Saturday, 19 January 2008

Dubai Property Prices Are Falling

A warning on Dubai property prices has been issued by Standard Chartered Bank, which is predicting both residential sale prices and rents will fall back by 5 per cent next year. It reasons that with a stream of developments coming to completion, that even though demand currently outstrips demand, this situation will soon be reversed.

The bank suggests prices, which by its reckoning are still rising at 18.8 per cent per annum, will peak in the first half of next year. However, while Dubai will feel the heat, Abu Dhabi may move ahead on the back of recently liberalised investment rules.

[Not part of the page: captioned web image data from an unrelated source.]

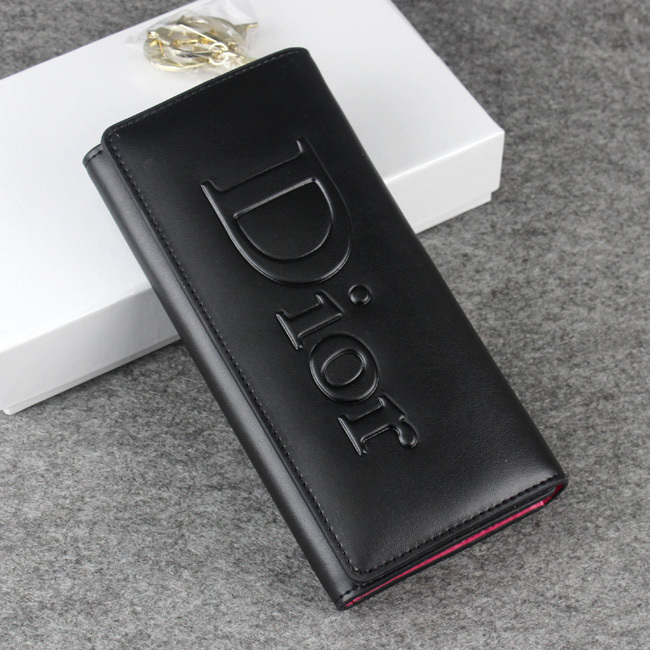 Dior Cowhide Leather Long Leather Wallet with Embossed 5192 Black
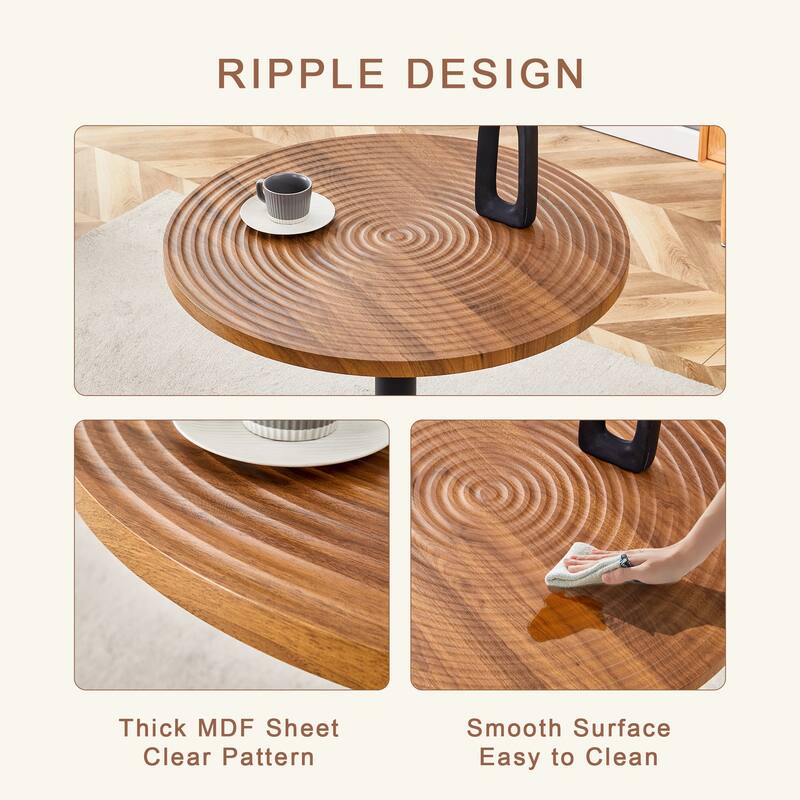 Minimalist Round Dining Set with Spliced Brown Upholstered Chairs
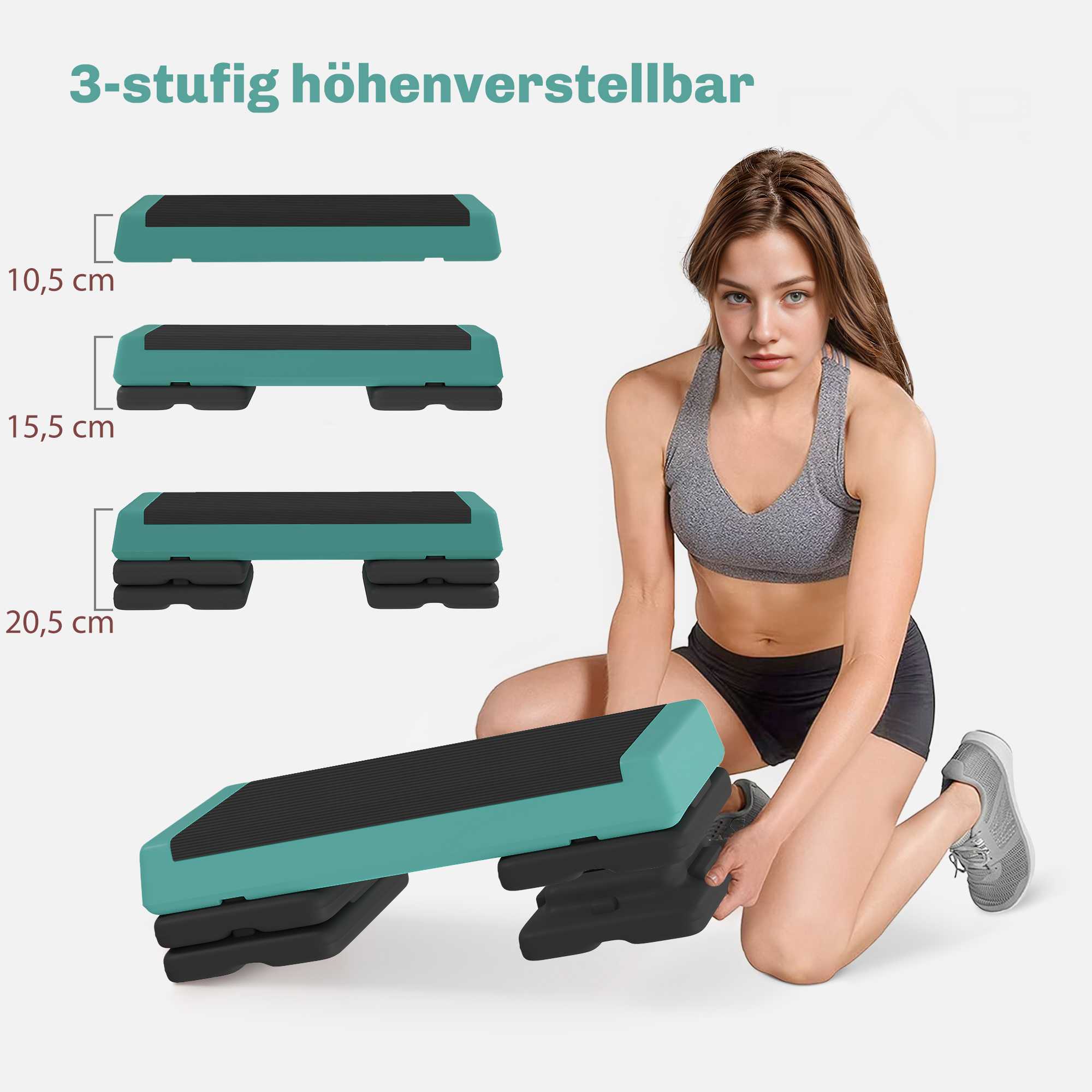 Steppbrett höhenverstellbar Fitness Aerobic Stepper mit 3 Stufen (10,5/15,5/20,5 cm), Anti-Rutsch Grün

A Prime Group report cited by Standard Chartered estimates that around 52,000 new Dubai residential units will be completed next year, with a further 63,000 set for release in 2008. Given ‘a reasonable assumption’ of 7 per cent population growth for the emirate, this suggests supply will exceed demand by around 6,000 units in 2007 and 33,000 units in 2008. The result is likely to be that property prices and rents will slip for the next two years.

‘We have argued before that residential property prices are likely to come down around 20 to 30 per cent in the next two to three years and we believe that we are getting close to the peak in residential property prices’, said Steve Brice, regional head of research for the bank for the Middle East.

‘While demand is likely to remain strong in the coming years, as Dubai continues to focus on diversifying its economy away from oil, the key is supply’.

The Bank said prices jumped by an ‘extraordinary’ 12.9 per cent in October after a 1 per cent fall between July and September. This ‘may have come from a realisation that estimates for the release of properties reported for the second half of the year are unlikely to be attained. Indeed, one developer at one point suggested it would be releasing 60,000 units onto the market in the second half of 2006 and Prime Group now estimates the full year market figure will only be 40,000. There may also be a seasonal effect at play here’.